Fred Murray believes his daughter, Maura Murray, who was 21 when she disappeared, is dead. The University of Massachusetts-Amherst nursing student left campus on Feb. 9, 2004 and drove to New Hampshire. She crashed her car on a road in Woodsville, N.H., and vanished. Her car was later found.
The father said he believed he was so close to his daughter and couldn’t give up now.
Fred Murray and supporters organized a search of a basement near the crash last fall after getting the homeowner’s permission. He told NBC 10 Boston that the previous owner didn’t allow him access inside the home.
"He would just never answer the door," he said.
The father said two separate visits by cadaver dogs and a radar scan last fall identified something underneath the basement floor. He said he would not give up the location of the owner as part of an agreement with the home’s new owner.

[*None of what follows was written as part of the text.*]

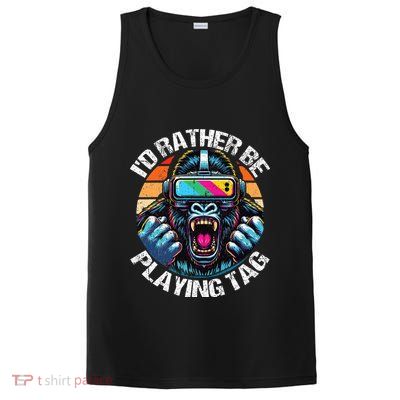 ID Rather Be Playing Tag Gorilla Monke Tag Gorilla Vr Gamer PosiCharge Competitor Tank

"It's been 15 years and I haven't let up," Murray told The Associated Press. "The point is, two dog hits and a radar hit. ... That's my daughter, I do believe."
Jeffery Strelzin, New Hampshire’s associate attorney general, said the case remains open and active. He said the area outside the home was searched.
"We are aware of the allegations regarding a home's basement in that area and have considered and are considering next steps," he said. "That area was searched by law enforcement in the past, including with dogs, and nothing of significance was discovered."
Maura Murray’s family and some investigators believe the student just wanted to get away for a few days before she went missing. The star athlete from Hanson, Mass., was working at her job at the school when the phone rang and she burst into tears. The caller and the reason for the phone call are not known. Before she went missing, Murray resolved a criminal matter involving use of a stolen credit card and damaged her father’s car in an accident.
Before she vanished, Murray withdrew $280 from the bank, lied to her professors about a death in the family and left campus on Feb. 9, 2004. She did not tell anyone, including her boyfriend, family or friends, where she was heading.
On that night in February, after Murray crashed her car, a couple nearby called police. A bus driver also stopped and offered to help but she declined. The driver called police anyway.
“He said, ‘Do you need help?’ And she said, ‘No, I already called AAA,’” Murray’s sister, Julie told NBC Boston of the bus driver’s conversation with the nursing student.
A police report stated the car’s windshield was cracked, both air bags were deployed and the car was locked. There was a box of wine discovered in the back seat and a strong odor of alcohol.
The father said he just wants closure for his daughter.
"I'll fund it, I'll do anything," Murray said. "It's my daughter, I want to bring her home and bury her, and then I want to find the dirtbag that put her there."
The Associated Press contributed to this report.